Menu

Topic 3 of 8

CI CD For Data Pipelines

Learn CI CD For Data Pipelines for free with explanations, exercises, and a quick test (for Data Engineer).

Published: January 8, 2026 | Updated: January 8, 2026

Quick outline (open)
  • Why this matters
  • Concept explained simply
  • Mental model
  • Worked examples
  • Checklist before you ship
  • Exercises
  • Common mistakes
  • Practical projects
  • Who this is for
  • Prerequisites
  • Learning path
  • Next steps
  • Mini challenge

Why this matters

As a Data Engineer, you ship changes that can affect dashboards, machine learning features, and critical reports. CI/CD makes your data pipelines reliable by:

  • Blocking schema-breaking changes before they reach production.
  • Automatically testing transformations and DAGs on every pull request.
  • Promoting artifacts safely across dev → stage → prod with data quality gates.
  • Providing fast rollbacks if a deployment impacts SLAs.

Concept explained simply

CI (Continuous Integration) automatically checks your code every time you push: it installs dependencies, lints, runs unit tests, validates DAGs/SQL, and compiles your project. CD (Continuous Delivery/Deployment) packages your pipeline, deploys it to environments, runs smoke tests with real infrastructure, and promotes only if checks pass.

Mental model

Imagine a factory assembly line with gates:

  • Gate 1 (CI): Is the part built correctly? (lint, unit tests, compile, DAG check)
  • Gate 2 (CD - Dev): Does it run on real machines? (container build, deploy to dev)
  • Gate 3 (CD - Stage): Does data look healthy on sample/limited scope? (smoke and data quality checks)
  • Gate 4 (CD - Prod): Limited canary, observe metrics, then full rollout. Rollback ready.

Worked examples

Example 1 — Minimal CI for a dbt + Python pipeline

This CI runs on every pull request:

name: ci
on: [pull_request]
jobs:
  build-test:
    runs-on: ubuntu-latest
    steps:
      - name: Checkout
        uses: actions/checkout@v4
      - name: Set up Python
        uses: actions/setup-python@v5
        with:
          python-version: '3.10'
      - name: Install dependencies
        run: |
          python -m pip install --upgrade pip
          pip install -r requirements.txt
      - name: Lint
        run: ruff check .
      - name: Unit tests
        run: pytest -q tests/unit
      - name: Validate dbt project
        run: |
          dbt deps
          dbt compile
      - name: Validate Airflow DAGs
        run: python -m pyflakes dags || true

What this catches: style errors, failing unit tests, SQL compile errors, and obvious DAG import errors before merging.

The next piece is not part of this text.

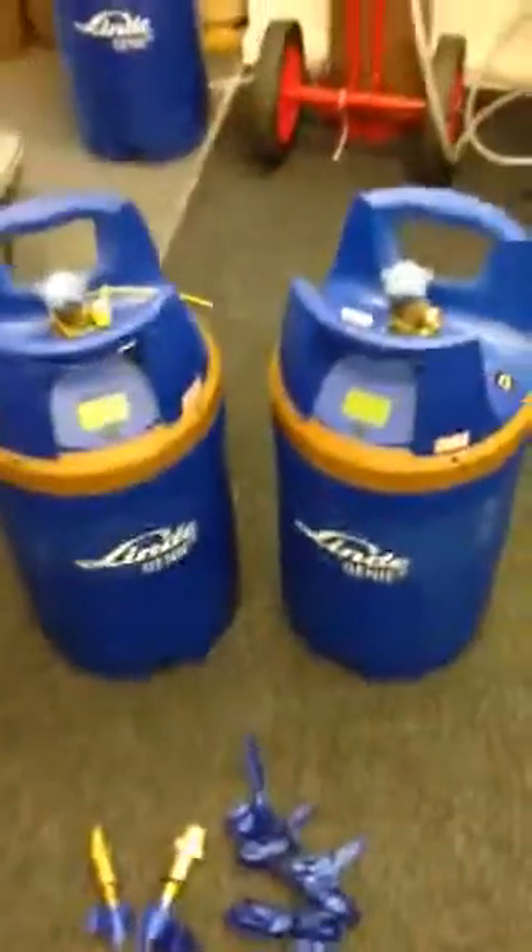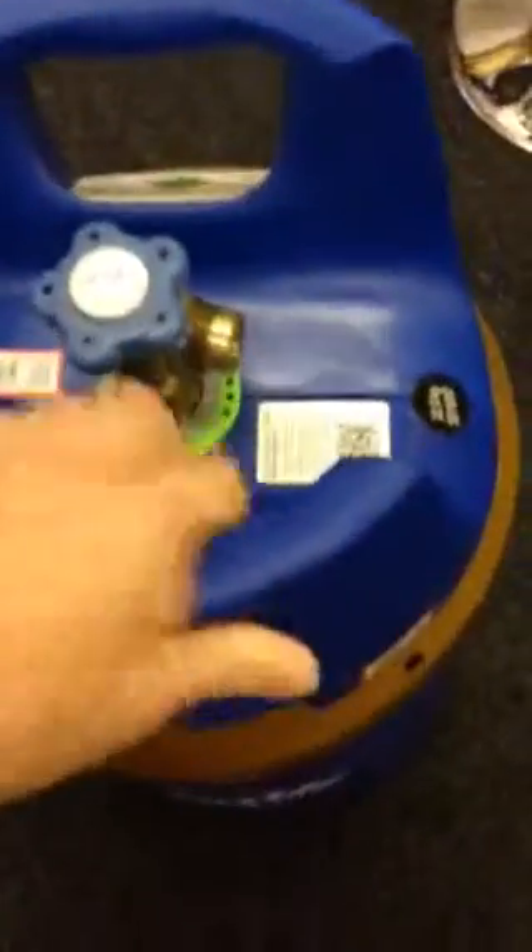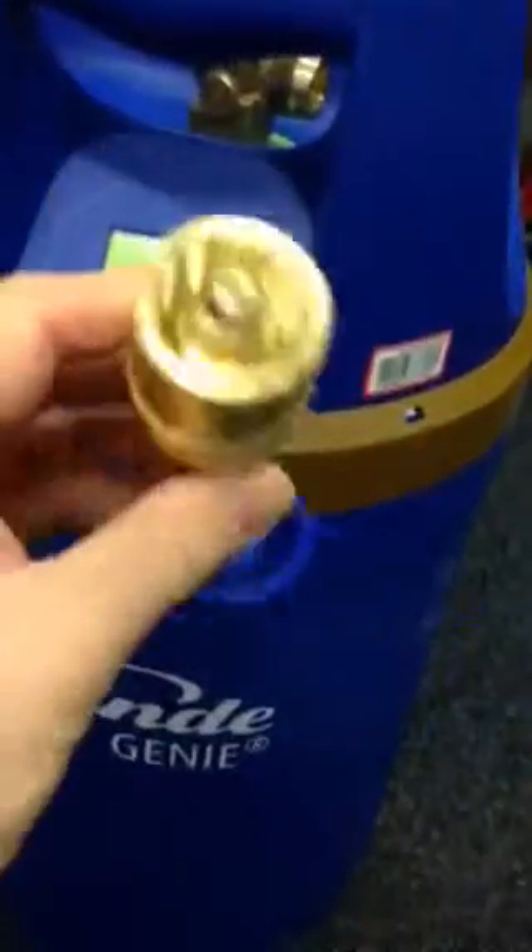Let's check out these new Genie cylinders. As you can see, they're pretty soft hard plastic. You can pick them up — a little bit heavy, not as sharp and metallic as the old metal ones. The thread is slightly different from the previous ones on the old cylinders.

Example 2 — CD with environment promotion and data gates

This CD builds a Docker image, deploys to dev, then stage with smoke tests, then promotes to prod after a canary:

name: cd
on:
  push:
    branches: [main]
jobs:
  build:
    runs-on: ubuntu-latest
    steps:
      - uses: actions/checkout@v4
      - name: Build image
        run: docker build -t registry/pipeline:${GITHUB_SHA} .
      - name: Push image
        run: docker push registry/pipeline:${GITHUB_SHA}
  deploy-dev:
    needs: build
    runs-on: ubuntu-latest
    steps:
      - name: Deploy to dev
        run: ./infra/deploy.sh dev registry/pipeline:${GITHUB_SHA}
      - name: Dev smoke tests
        run: python checks/smoke.py --env dev
  deploy-stage:
    needs: deploy-dev
    runs-on: ubuntu-latest
    steps:
      - name: Deploy to stage
        run: ./infra/deploy.sh stage registry/pipeline:${GITHUB_SHA}
      - name: Data quality gate
        run: python checks/data_quality.py --env stage --threshold 0.98
  deploy-prod:
    needs: deploy-stage
    runs-on: ubuntu-latest
    steps:
      - name: Canary to prod (10%)
        run: ./infra/deploy.sh prod registry/pipeline:${GITHUB_SHA} --scope canary
      - name: Observe metrics
        run: python checks/observe.py --env prod --minutes 15 --error-rate-threshold 0.01
      - name: Full rollout
        run: ./infra/deploy.sh prod registry/pipeline:${GITHUB_SHA} --scope full

Key idea: each step is conditional on the previous passing, with simple numeric thresholds for quality gates.

Example 3 — Safe schema change with backward compatibility

Scenario: adding a non-nullable column to a fact table.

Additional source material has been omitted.